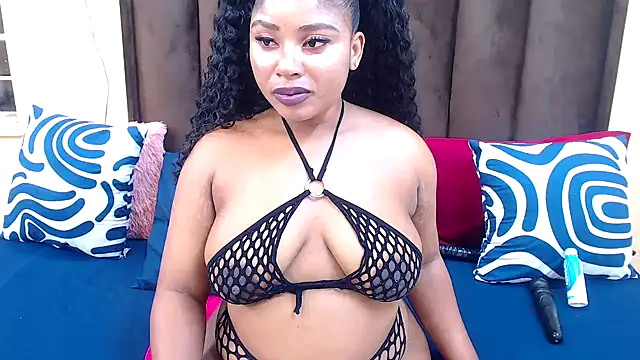 Snapshot of AfricanQueenxx40 chatting on December 3, 2025, 6:29 pm AfricanQueenxx40 online show from December 3, 2025, 6:29 pm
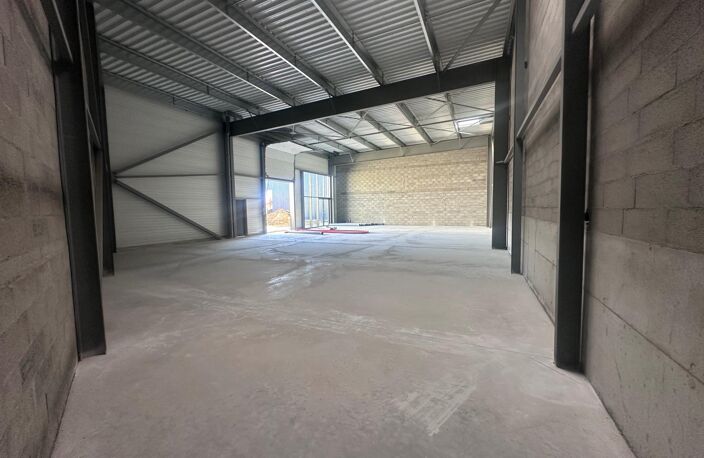Cellule d'activité à louer 298 m2 — photo 2
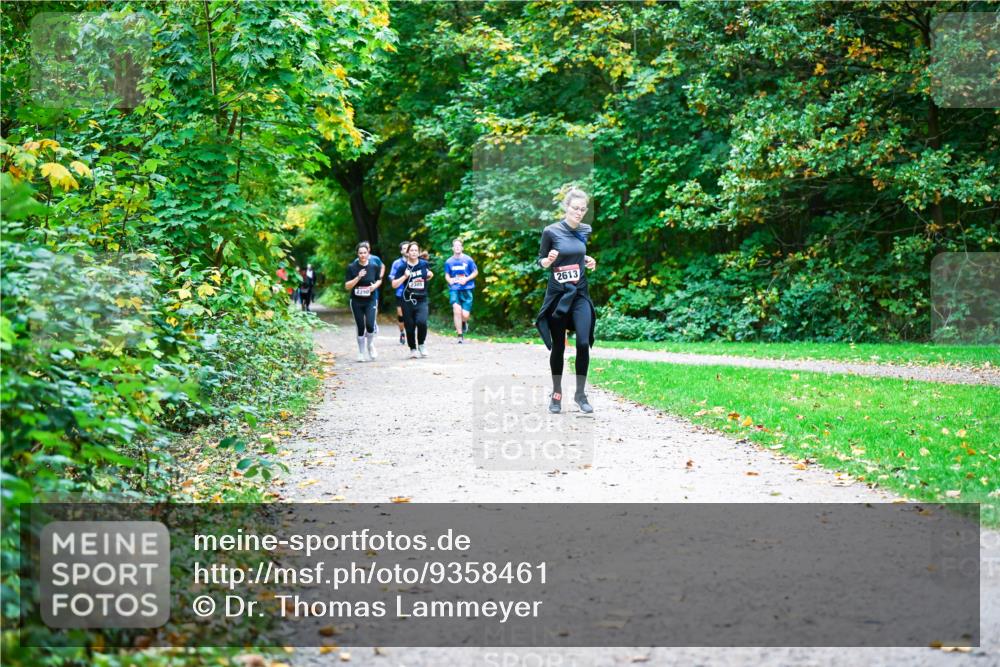 12.10.2025 - Bramfelder Halbmarathon 2025 Dr. Thomas Lammeyer http://msf.ph/oto/9358461 12.10.2025 11:04:25 Laufen 2390, 2613 meine-sportfotos.de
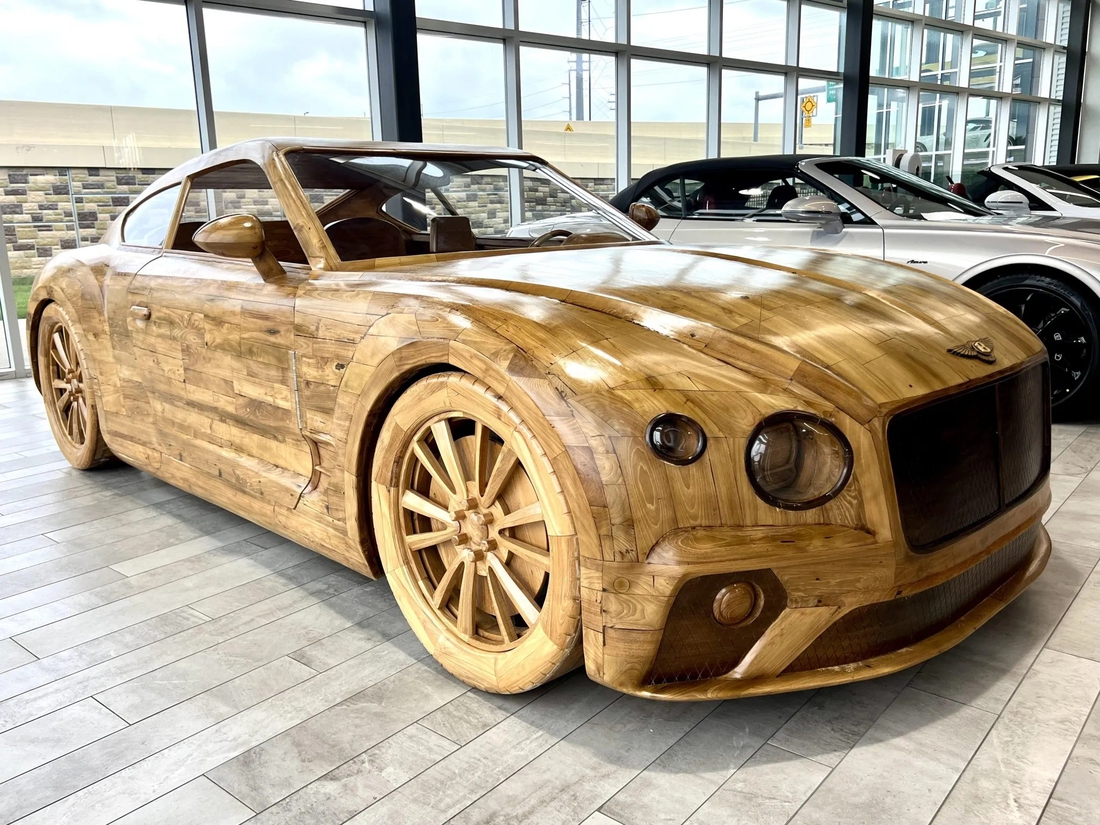Xe Bentley gỗ đắt ngang xe thật, báo Tây so sánh giống với hàng Việt - Ảnh 1.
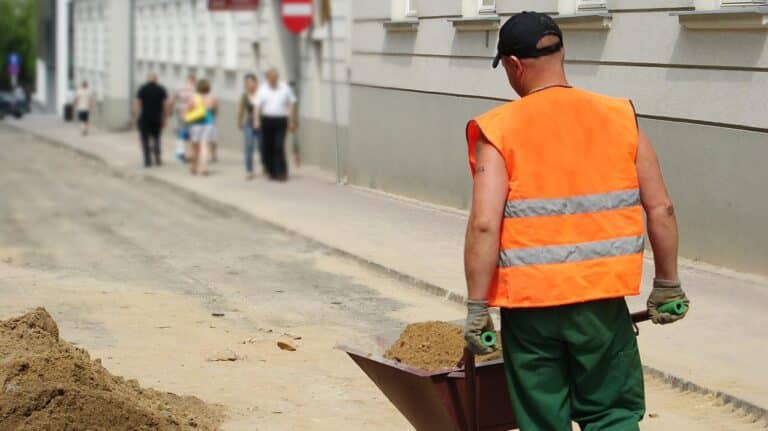 Sezonowość na rynku pracy: rośnie zapotrzebowanie i oczekiwania płacowe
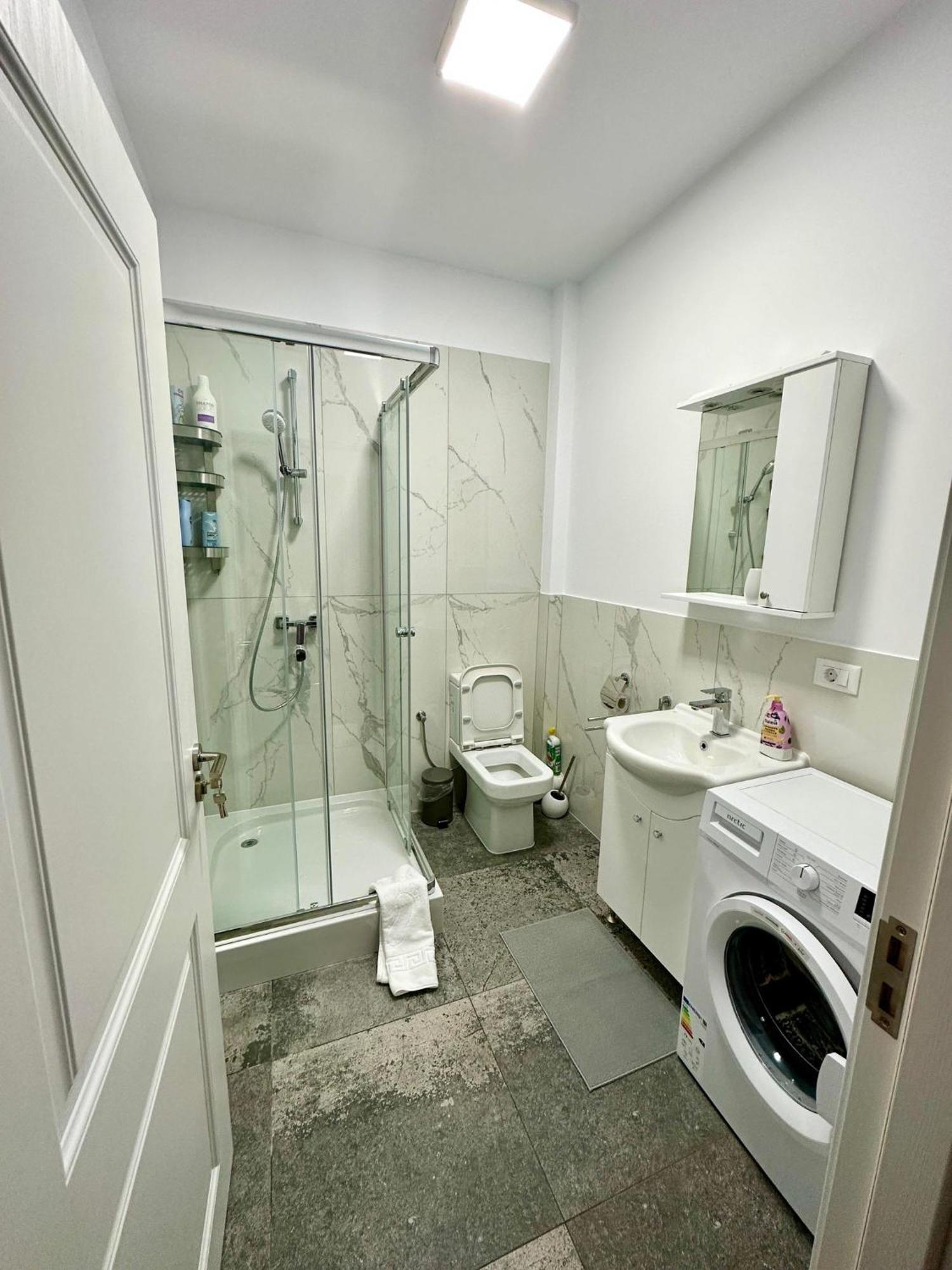 Angela Nordic Apartment. Сучава Екстер'єр фото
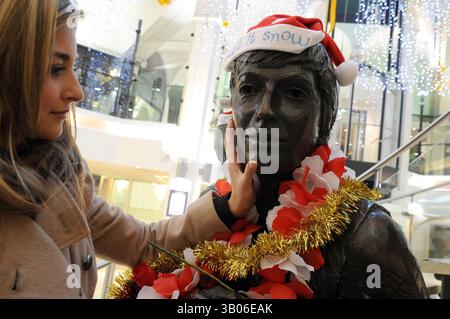 8 dicembre 2010 - Liverpool, Merseyside, Regno Unito - Vigilia di preghiera presso la statua dei Beatles a Cavern Walks, Mathew Street, Liverpool dove il reverendo Brookes ha condotto preghiere in onore dei 30 anni trascorsi da quando John Lennon è stato ucciso a New York. Nella foto è raffigurata la fan dei Beatles Natalie Stuart, 21 anni, di Liverpool che baciano il volto di John Lennon (Credit Image: © Mercury Press/ZUMAPRESS.com) Foto Stock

- [Prompt] The answer must restate every entry word for word, with the pictures left out.

- [Answer to this exercise]
 Snapshot of AfricanQueenxx40 chatting on December 3, 2025, 6:29 pm AfricanQueenxx40 online show from December 3, 2025, 6:29 pm
Cellule d'activité à louer 298 m2 — photo 2
 12.10.2025 - Bramfelder Halbmarathon 2025 Dr. Thomas Lammeyer http://msf.ph/oto/9358461 12.10.2025 11:04:25 Laufen 2390, 2613 meine-sportfotos.de
Xe Bentley gỗ đắt ngang xe thật, báo Tây so sánh giống với hàng Việt - Ảnh 1.
 Sezonowość na rynku pracy: rośnie zapotrzebowanie i oczekiwania płacowe
 Angela Nordic Apartment. Сучава Екстер'єр фото
 8 dicembre 2010 - Liverpool, Merseyside, Regno Unito - Vigilia di preghiera presso la statua dei Beatles a Cavern Walks, Mathew Street, Liverpool dove il reverendo Brookes ha condotto preghiere in onore dei 30 anni trascorsi da quando John Lennon è stato ucciso a New York. Nella foto è raffigurata la fan dei Beatles Natalie Stuart, 21 anni, di Liverpool che baciano il volto di John Lennon (Credit Image: © Mercury Press/ZUMAPRESS.com) Foto Stock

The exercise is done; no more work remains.